Description of the task: Verbatim copy without images: return all of the data as it stands.

Given material:
↓↓↓

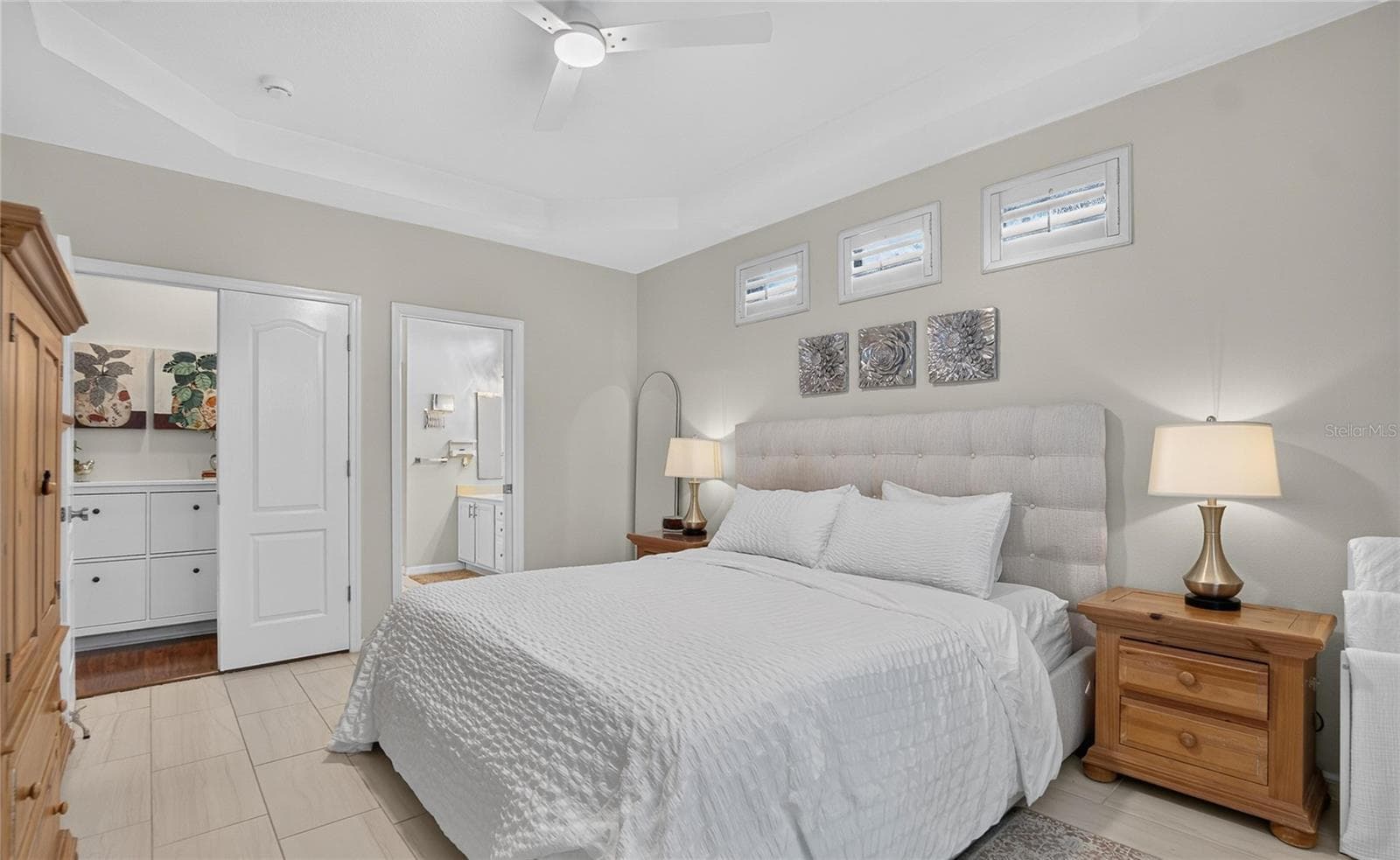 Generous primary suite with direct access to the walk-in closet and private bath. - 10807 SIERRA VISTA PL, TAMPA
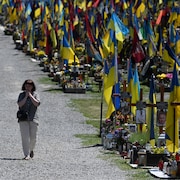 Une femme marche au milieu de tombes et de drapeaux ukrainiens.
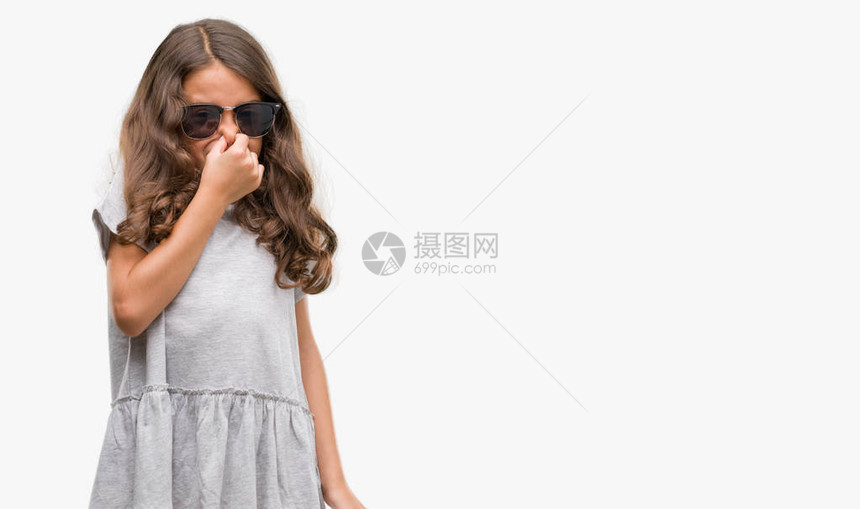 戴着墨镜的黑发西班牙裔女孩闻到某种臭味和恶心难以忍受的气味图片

↑↑↑

Result:
 Generous primary suite with direct access to the walk-in closet and private bath. - 10807 SIERRA VISTA PL, TAMPA
 Une femme marche au milieu de tombes et de drapeaux ukrainiens.
 戴着墨镜的黑发西班牙裔女孩闻到某种臭味和恶心难以忍受的气味图片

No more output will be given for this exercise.